[Stored items]
◇ ◇ ◇

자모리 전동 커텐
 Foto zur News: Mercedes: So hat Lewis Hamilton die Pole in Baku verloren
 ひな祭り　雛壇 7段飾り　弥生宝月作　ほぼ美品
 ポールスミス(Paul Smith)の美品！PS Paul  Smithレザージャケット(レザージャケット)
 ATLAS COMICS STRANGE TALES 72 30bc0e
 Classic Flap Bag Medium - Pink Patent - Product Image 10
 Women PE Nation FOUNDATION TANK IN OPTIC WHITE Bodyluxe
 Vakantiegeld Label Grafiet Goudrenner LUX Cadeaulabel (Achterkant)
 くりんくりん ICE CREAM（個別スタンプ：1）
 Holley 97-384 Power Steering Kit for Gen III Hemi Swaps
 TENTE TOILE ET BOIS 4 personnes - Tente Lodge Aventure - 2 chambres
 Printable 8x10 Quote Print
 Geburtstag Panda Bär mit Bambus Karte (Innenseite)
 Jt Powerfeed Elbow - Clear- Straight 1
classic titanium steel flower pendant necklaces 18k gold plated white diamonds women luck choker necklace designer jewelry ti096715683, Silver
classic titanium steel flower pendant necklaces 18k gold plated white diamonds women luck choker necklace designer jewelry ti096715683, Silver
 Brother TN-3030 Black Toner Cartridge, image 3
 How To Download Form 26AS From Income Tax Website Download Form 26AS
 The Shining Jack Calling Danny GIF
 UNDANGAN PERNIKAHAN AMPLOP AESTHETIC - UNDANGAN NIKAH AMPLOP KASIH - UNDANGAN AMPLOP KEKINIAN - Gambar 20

◇ ◇ ◇

What to do: An exact copy is needed of the closing lines of the entries above, counting from the one that contains "ひな祭り　雛壇 7段飾り　弥生宝月作　ほぼ美品" and including it and the last.

Reply:
 ひな祭り　雛壇 7段飾り　弥生宝月作　ほぼ美品
 ポールスミス(Paul Smith)の美品！PS Paul  Smithレザージャケット(レザージャケット)
 ATLAS COMICS STRANGE TALES 72 30bc0e
 Classic Flap Bag Medium - Pink Patent - Product Image 10
 Women PE Nation FOUNDATION TANK IN OPTIC WHITE Bodyluxe
 Vakantiegeld Label Grafiet Goudrenner LUX Cadeaulabel (Achterkant)
 くりんくりん ICE CREAM（個別スタンプ：1）
 Holley 97-384 Power Steering Kit for Gen III Hemi Swaps
 TENTE TOILE ET BOIS 4 personnes - Tente Lodge Aventure - 2 chambres
 Printable 8x10 Quote Print
 Geburtstag Panda Bär mit Bambus Karte (Innenseite)
 Jt Powerfeed Elbow - Clear- Straight 1
classic titanium steel flower pendant necklaces 18k gold plated white diamonds women luck choker necklace designer jewelry ti096715683, Silver
classic titanium steel flower pendant necklaces 18k gold plated white diamonds women luck choker necklace designer jewelry ti096715683, Silver
 Brother TN-3030 Black Toner Cartridge, image 3
 How To Download Form 26AS From Income Tax Website Download Form 26AS
 The Shining Jack Calling Danny GIF
 UNDANGAN PERNIKAHAN AMPLOP AESTHETIC - UNDANGAN NIKAH AMPLOP KASIH - UNDANGAN AMPLOP KEKINIAN - Gambar 20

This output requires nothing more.